W Somerset Maugham compares turnips and sex. Is he wise, or daft? Can we use his wisdom – if any – to make ourselves happier?
You can listen to a podcast of this post here.
I have written often about happiness on this blog. You might like to look at a summary in my piece The one with the links to happiness.
W Somerset Maugham considers happiness and the meaning of life in his essay The Summing Up, written in 1938. Perhaps we can learn from him. Try not to be put off by the old-fashioned way in which he often refers to “men” when he means “people”
W Somerset Maugham is most famous for his short stories
Maugham on writing
In The Summing Up, Maugham asks whether writing itself is enough for a happy life…
From time to time I have asked myself whether I should have been a better writer if I had devoted my whole life to literature.
… and concludes:
Somewhat early, but at what age I cannot remember, I made up my mind that, having but one life, I should like to get the most I could out of it. It did not seem to me enough merely to write.
Maugham on sociability
Maugham goes on to consider various options for happiness, despite handicaps including a surprisingly antisocial nature:
I was small; I was shy; I had poor health. I had not facility for games, which play so great a part in the normal life of Englishmen; and I had, whether for any of these reasons or from nature I do not know, an instinctive shrinking from my fellow men that has made it difficult for me to enter into any familiarity with them.
Maugham on alcohol
He rejects alcohol as a source of joy for himself, but not necessarily for others:
The weakness of my flesh has prevented me from enjoying that communion with the human race that is engendered by alcohol; long before I could reach the state of intoxication that enables so many, more happily constituted, to look upon all men as their brothers, my stomach has turned on me and I have been as sick as a dog.
Maugham on sex
Maugham then examines sex as a means to fulfilment, noting drily that this works for some:
The keenest pleasure to which the body is susceptible is that of sexual congress. I have known men who gave up their whole lives to this; they are grown old now, but I have noticed, not without surprise, that they look upon them as well spent.

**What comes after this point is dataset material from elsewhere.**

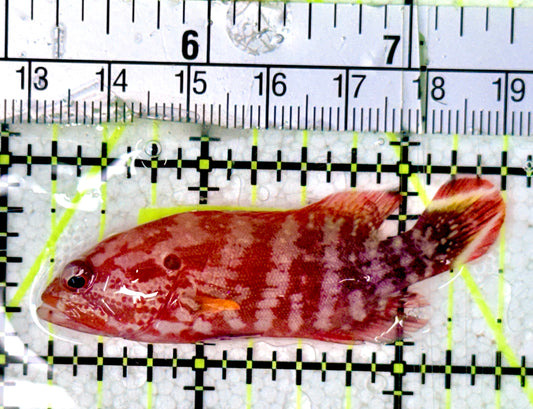 Red V-Tail Grouper RVTG070302 WYSIWYG Size: M 2.5"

He goes on, however, to observe:
When from time to time I have seen the persons with whom the great lovers satisfied their desires I have been more astonished by the robustness of their appetites than envious of their successes. It is obvious that you need not often go hungry if you are willing to dine off mutton hash and turnip tops.
Maugham on happiness
Maugham concludes that artists are particularly free to choose how to live their lives: an artist can, within certain limits, make what he likes of his life.

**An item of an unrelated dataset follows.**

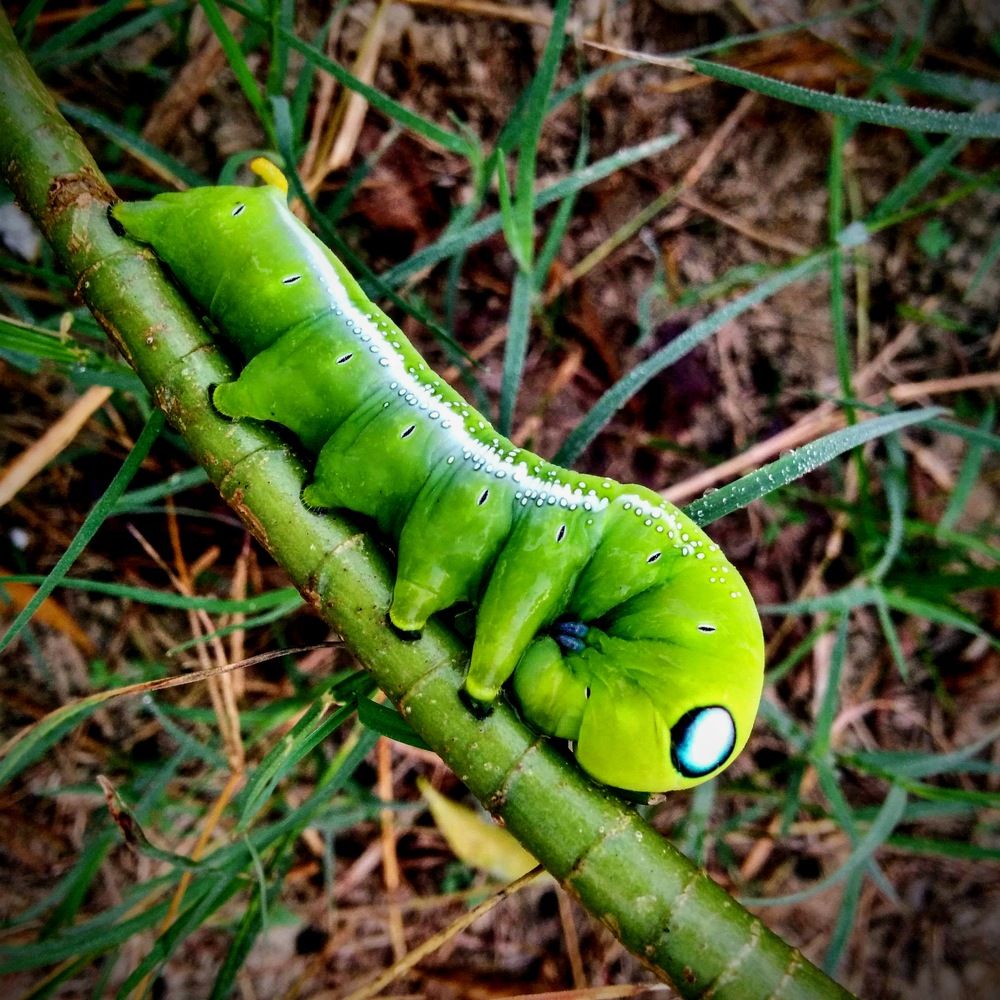 Photograph by Kamal Kishore Srivastava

Despite this, says Maugham, he has always sought patterns in his life, and does not live enough in the moment:
I have never, except by an effort of will, wished that the passing moment might linger so that I could get more enjoyment from it, for even when it has brought me something I had immensely looked forward to, my imagination in the moment of fulfilment has been busy with the problematical delight of whatever was to come. I have never walked down the south side of Piccadilly without being all in a dither about what was happening on the north. This is folly.
Maugham and the Rocky Horror Picture Show
When I watched “The Rocky Horror Picture Show” performed live in Vienna recently, I was reminded that the song “Rose Tints my World” explores how to be happy in similar terms to Somerset Maugham. Columbia seeks happiness in drugs (‘the only thing that gives me hope is the love of a certain dope’). Rocky seeks it in sex (‘the only thing I’ve come to trust is an orgasmic rush of lust…’).
The meaning of life
What can you conclude from all this, if anything? Here are five ideas:
(i) different people draw happiness from different sources;
(ii) we shouldn’t scorn those who find a satisfying life in physical pleasures such as food and drink;
(iii) it helps to keep a sense of perspective: see here the views of the wonderful Barbara Tuchman in her eponymous law;
(iv) you should bear in mind that it is more profitable for news media to report bad news than good news;
(v) and we should all keep thinking about these issues. W Somerset Maugham may not be right about what makes you happy. But his ideas may contain some useful pointers for you – even if you disagree. Take a look at my books if you want to know more!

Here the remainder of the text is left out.